Gluten Free Chocolate Zucchini Muffins
(I got 18 muffins with this recipe)
- 1 cup extra finely ground brown rice flour
- 1/3 cup potato starch (not flour)
- 2 Tbs plus 2 tsp Tapioca Flour /Starch
- 1/2 cup unsweetened cocoa powder
- 1 Tbsp baking powder
- 1 tsp baking soda
- 1 tsp xanthan gum
- 1/4 tsp sea salt
- 2/3 cup agave nectar
- 1/2 cup coconut oil (melt if solid)
- 1/4 cup full fat coconut milk plus 2 Tbs water
- 2 eggs
- 1 cup shredded zucchini
1. Preheat oven to 350 degrees. Prepare muffin pan with paper liners or spray with non stick spray.

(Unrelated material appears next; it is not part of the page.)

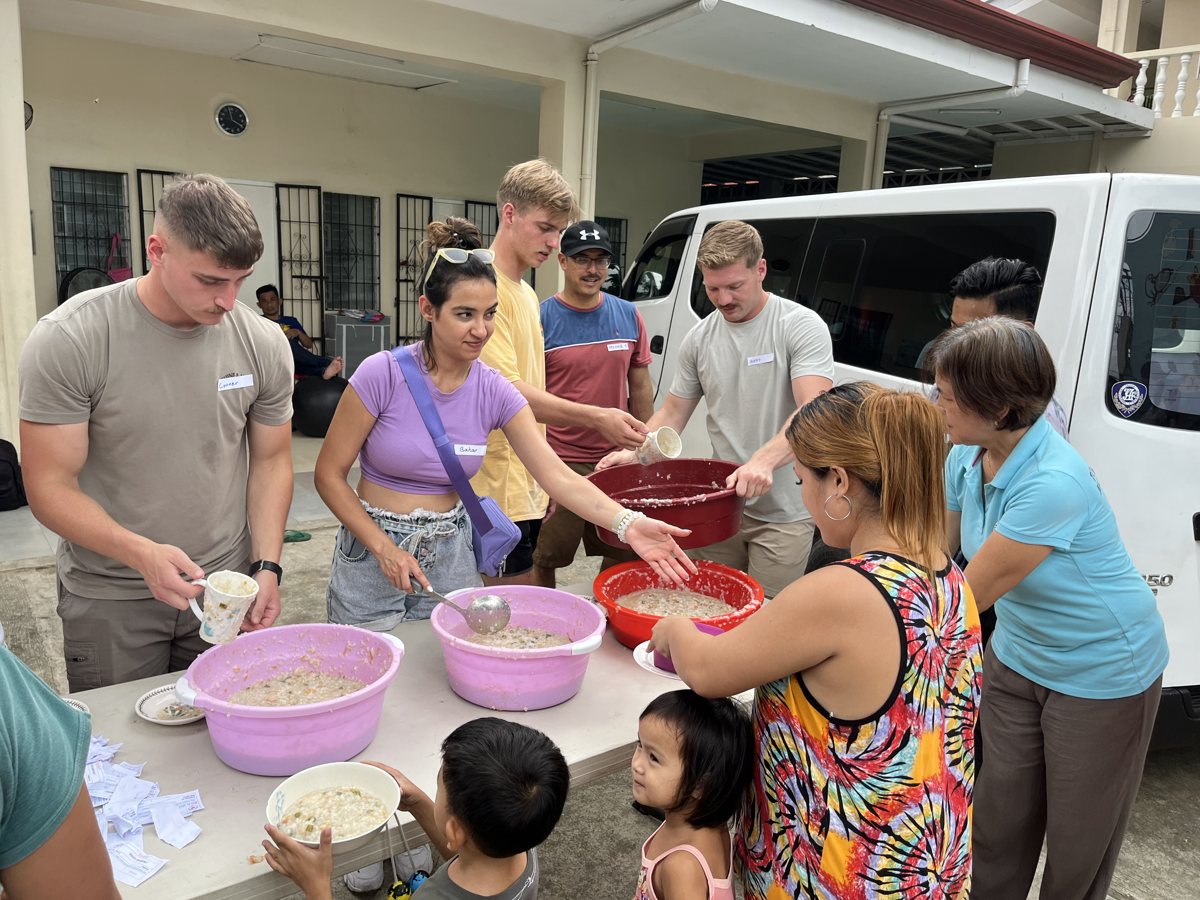 Fatemeh Naderi serving food at a community food-sharing event in Cebu, Philippines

2. In a mixing bowl, combine flour, cocoa powder, baking powder, baking soda, xanthan gum, and salt. In a second bowl, combine agave nectar, coconut oil, coconut milk,water, eggs and zucchini. Add the flour mixture to the “wet ingredients” and mix well until fully blended.
3. Divide batter evenly between muffin cups, filling each to about 1/2- 3/4 full. Bake for 20-25 minutes.
These were really good! I could taste the yummy coconut flavor in them too with the oil and coconut milk. Next time, I want to try them with less fat and sugar etc but I am learning to follow the recipe to exactness on the first try making it . I will update you when I make them again. Also, see her site for just plain chocolate muffins (use 1 c. applesauce in place of the zucchini). I filled these about 1/2 to 3/4 full and then wet my fingers with water to smooth the tops so that they’d be even. They are filling and rich tasting. For an even richer treat, add chocolate chips as she did or raisins. Thanks again ladybugsandbees of gluten-free naturally!